ZnO micro- and nano-structures for the design of piezoelectric composites: recent advances in energy harvesting applications

One of the current world’s challenging issues concerns the design, development, and exploitation of efficient devices for energy harvesting that, in the last few years, has gathered a growing interest not only from academia but also from an industrial point of view. Although the general concept of (macro)energy harvesting has been successfully exploited for centuries in the design of passive solar power systems, as well as wind and water mills, only during the last 10 to 15 years there has been particular attention toward the development of effective (micro)energy harvesting systems, exploiting the energy from the ambient provided by light, radiofrequency radiation, or motion/vibration/thermal sources.
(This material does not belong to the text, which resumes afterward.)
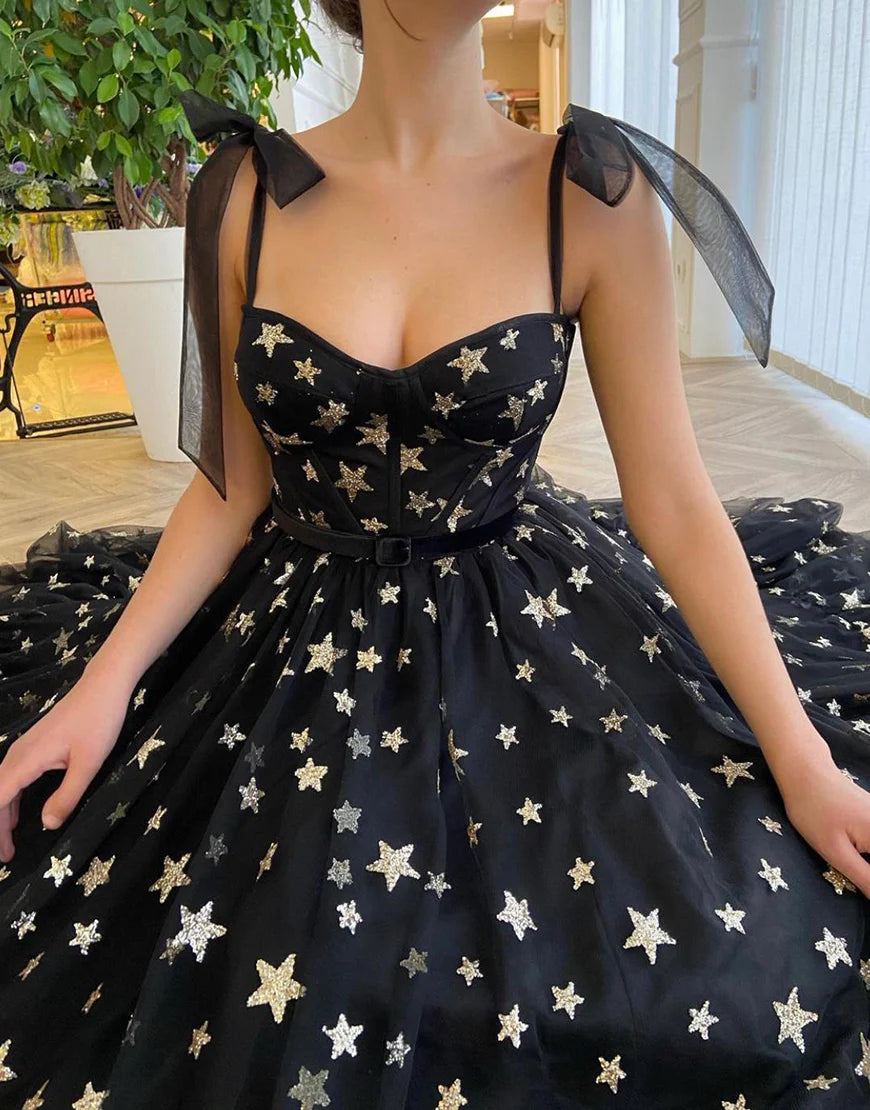 Spaghetti Straps Ankle-Length  Tulle Long Black Prom Dress with Stars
These (micro)energy harvesting systems require efficient and reliable materials to convert the input environmental energy into an exploitable electrical output. In this context, among the most currently employed ceramics, zinc oxide (ZnO), both micro- and nano-structured, is gaining more and more importance in the design of energy harvesting devices because of its interesting features that comprise low cost, high piezoelectric characteristics, and ease of production, among others. The present work aims to summarize the current state-of-the-art on the use of ZnO micro- and nano-structures for the design and manufacturing of advanced piezoelectric devices and to provide the reader with some recent progress that may pave the way toward further advances in the forthcoming years.